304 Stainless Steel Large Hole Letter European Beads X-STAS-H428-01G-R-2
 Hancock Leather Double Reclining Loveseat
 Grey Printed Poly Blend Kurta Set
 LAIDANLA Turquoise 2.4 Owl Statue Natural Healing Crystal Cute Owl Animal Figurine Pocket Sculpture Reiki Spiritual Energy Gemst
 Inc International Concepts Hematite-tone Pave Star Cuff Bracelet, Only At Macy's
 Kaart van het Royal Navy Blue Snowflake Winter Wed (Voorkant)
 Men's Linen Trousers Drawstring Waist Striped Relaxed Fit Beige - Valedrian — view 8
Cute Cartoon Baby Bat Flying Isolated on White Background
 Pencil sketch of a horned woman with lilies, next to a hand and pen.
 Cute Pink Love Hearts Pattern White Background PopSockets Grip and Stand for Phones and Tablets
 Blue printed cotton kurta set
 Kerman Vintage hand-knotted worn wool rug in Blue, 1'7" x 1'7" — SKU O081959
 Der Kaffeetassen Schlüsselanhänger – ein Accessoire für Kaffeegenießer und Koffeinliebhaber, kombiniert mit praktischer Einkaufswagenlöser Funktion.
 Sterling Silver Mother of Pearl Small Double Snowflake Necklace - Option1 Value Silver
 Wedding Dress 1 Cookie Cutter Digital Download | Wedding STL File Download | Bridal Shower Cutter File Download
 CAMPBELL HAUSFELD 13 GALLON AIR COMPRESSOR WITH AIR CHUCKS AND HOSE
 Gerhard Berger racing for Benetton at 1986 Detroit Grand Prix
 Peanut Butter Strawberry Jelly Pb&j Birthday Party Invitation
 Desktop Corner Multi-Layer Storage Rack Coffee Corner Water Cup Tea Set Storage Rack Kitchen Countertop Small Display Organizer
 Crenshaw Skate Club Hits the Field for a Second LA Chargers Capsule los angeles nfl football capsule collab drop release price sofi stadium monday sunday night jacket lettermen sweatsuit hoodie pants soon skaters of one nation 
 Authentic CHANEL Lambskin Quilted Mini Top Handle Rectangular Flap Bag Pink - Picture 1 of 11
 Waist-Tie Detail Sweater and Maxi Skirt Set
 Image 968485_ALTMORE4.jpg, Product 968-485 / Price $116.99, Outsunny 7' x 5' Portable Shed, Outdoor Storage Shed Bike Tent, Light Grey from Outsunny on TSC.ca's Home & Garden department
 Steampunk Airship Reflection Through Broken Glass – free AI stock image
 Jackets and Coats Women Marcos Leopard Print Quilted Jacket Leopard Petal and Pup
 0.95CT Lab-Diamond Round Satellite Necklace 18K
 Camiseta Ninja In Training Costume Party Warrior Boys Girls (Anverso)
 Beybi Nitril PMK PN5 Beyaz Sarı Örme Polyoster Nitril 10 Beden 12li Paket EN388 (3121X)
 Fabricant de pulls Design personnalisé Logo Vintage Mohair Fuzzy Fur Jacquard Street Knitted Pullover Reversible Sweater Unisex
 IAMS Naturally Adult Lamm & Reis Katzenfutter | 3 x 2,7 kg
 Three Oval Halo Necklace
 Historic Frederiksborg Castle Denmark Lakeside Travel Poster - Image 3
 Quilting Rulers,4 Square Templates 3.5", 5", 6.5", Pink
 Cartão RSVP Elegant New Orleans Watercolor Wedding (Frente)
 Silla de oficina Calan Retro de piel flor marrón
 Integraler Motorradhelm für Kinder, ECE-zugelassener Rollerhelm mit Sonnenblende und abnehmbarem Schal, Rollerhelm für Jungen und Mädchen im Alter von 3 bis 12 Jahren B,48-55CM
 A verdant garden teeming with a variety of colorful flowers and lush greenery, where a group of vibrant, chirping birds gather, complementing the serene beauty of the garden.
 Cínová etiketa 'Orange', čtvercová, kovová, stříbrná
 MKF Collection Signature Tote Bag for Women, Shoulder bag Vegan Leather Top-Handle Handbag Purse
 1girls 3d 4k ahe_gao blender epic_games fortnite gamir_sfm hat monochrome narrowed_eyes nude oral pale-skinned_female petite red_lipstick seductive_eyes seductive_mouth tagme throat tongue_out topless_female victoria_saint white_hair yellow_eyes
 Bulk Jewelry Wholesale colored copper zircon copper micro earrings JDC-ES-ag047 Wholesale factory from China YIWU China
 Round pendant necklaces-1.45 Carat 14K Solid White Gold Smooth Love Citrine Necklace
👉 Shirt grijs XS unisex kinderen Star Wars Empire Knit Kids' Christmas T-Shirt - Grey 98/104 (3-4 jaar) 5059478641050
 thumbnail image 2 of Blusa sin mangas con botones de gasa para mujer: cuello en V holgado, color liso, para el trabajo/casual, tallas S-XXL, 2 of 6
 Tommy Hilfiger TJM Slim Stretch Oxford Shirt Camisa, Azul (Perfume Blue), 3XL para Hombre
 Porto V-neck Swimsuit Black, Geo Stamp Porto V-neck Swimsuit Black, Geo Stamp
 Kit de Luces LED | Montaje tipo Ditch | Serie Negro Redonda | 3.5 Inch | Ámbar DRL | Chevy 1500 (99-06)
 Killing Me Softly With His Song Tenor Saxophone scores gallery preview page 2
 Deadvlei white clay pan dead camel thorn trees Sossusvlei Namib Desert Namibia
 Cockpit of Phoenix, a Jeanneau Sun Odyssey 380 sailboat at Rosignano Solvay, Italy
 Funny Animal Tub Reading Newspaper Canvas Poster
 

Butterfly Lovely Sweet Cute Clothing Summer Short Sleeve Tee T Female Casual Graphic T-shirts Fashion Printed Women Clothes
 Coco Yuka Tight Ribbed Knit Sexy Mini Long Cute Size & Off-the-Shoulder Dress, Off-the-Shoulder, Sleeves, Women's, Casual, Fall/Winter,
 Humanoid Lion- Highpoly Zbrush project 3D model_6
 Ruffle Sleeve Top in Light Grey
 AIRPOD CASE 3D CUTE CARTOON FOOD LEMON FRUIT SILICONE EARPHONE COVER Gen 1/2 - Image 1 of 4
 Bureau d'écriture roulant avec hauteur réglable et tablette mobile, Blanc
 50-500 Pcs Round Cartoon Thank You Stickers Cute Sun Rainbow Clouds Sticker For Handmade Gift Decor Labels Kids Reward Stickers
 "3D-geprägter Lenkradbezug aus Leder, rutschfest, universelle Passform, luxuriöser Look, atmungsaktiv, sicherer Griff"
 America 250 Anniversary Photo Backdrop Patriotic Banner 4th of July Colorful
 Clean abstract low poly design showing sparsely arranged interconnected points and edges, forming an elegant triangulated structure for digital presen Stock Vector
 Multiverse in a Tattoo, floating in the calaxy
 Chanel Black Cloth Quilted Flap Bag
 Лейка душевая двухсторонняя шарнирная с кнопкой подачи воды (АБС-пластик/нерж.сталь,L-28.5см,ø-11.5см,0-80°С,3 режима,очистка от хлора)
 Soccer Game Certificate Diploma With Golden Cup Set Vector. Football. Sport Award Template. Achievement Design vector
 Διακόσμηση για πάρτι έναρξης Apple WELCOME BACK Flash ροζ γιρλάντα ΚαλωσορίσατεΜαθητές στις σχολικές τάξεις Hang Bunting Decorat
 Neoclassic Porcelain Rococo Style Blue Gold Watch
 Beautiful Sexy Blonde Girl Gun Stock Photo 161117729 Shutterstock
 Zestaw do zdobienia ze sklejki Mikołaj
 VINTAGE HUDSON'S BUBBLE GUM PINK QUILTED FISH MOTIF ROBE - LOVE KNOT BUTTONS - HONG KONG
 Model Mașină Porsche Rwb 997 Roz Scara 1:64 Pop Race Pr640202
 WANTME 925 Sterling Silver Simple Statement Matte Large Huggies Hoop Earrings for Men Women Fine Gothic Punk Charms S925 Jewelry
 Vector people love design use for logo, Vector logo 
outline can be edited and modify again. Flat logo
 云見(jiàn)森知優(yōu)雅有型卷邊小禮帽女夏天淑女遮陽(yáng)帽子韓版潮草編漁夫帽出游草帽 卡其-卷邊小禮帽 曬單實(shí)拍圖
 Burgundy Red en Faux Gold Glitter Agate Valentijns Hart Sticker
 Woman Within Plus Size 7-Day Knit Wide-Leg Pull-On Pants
------------------------
TASK ITEM = Of the entries above, transcribe exactly those lines that fall between the line containing "Tommy Hilfiger TJM" and the line containing "Deadvlei white clay", together with those two lines.

TASK RESPONSE =
 Tommy Hilfiger TJM Slim Stretch Oxford Shirt Camisa, Azul (Perfume Blue), 3XL para Hombre
 Porto V-neck Swimsuit Black, Geo Stamp Porto V-neck Swimsuit Black, Geo Stamp
 Kit de Luces LED | Montaje tipo Ditch | Serie Negro Redonda | 3.5 Inch | Ámbar DRL | Chevy 1500 (99-06)
 Killing Me Softly With His Song Tenor Saxophone scores gallery preview page 2
 Deadvlei white clay pan dead camel thorn trees Sossusvlei Namib Desert Namibia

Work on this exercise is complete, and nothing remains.